- EXERCISE OBJECTIVE: Search the records below for "Grilles"; copy each line that has it.

- PROVIDED ENTRIES:
--

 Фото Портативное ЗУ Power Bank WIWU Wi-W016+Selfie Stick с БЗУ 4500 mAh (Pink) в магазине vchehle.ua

--

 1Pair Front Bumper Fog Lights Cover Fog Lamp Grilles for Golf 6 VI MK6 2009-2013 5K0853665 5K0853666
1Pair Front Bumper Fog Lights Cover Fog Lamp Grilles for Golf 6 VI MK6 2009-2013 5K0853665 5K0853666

--

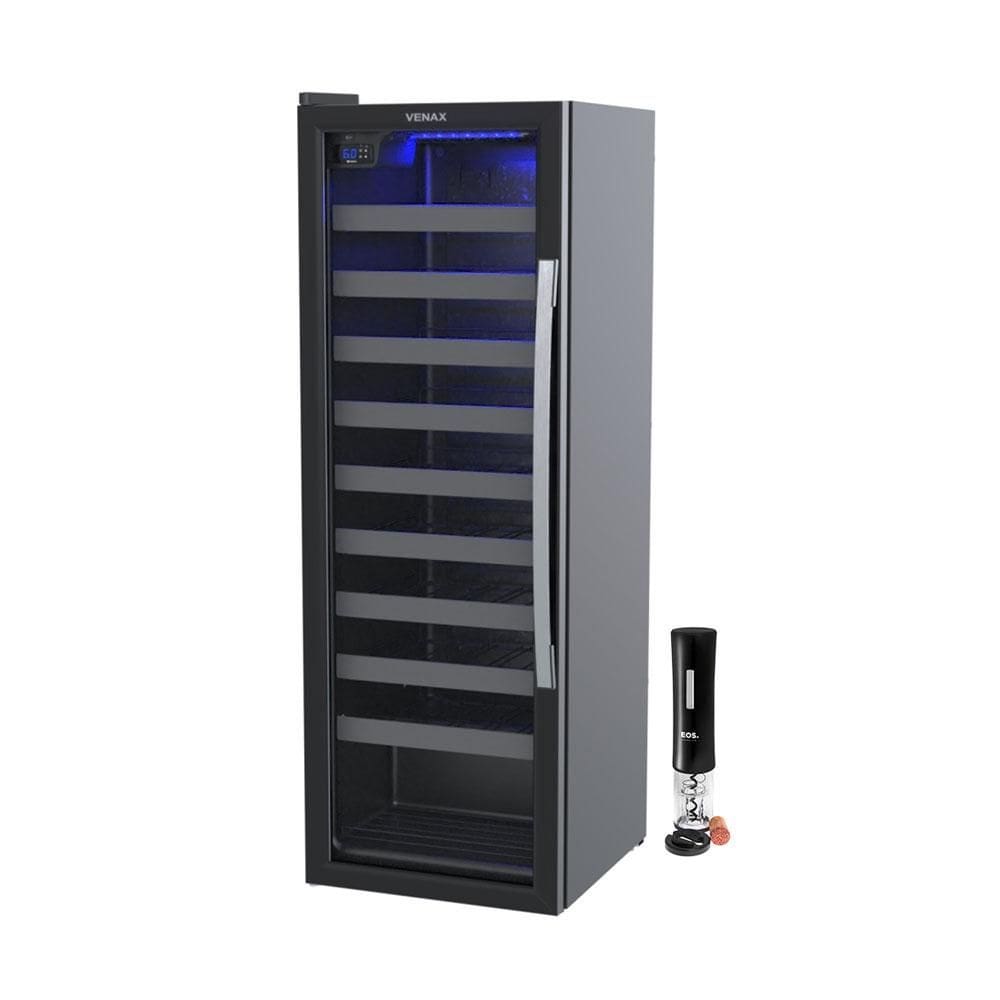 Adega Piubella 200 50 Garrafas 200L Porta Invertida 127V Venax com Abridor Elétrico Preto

--

- WRITTEN REPLY:
 1Pair Front Bumper Fog Lights Cover Fog Lamp Grilles for Golf 6 VI MK6 2009-2013 5K0853665 5K0853666
1Pair Front Bumper Fog Lights Cover Fog Lamp Grilles for Golf 6 VI MK6 2009-2013 5K0853665 5K0853666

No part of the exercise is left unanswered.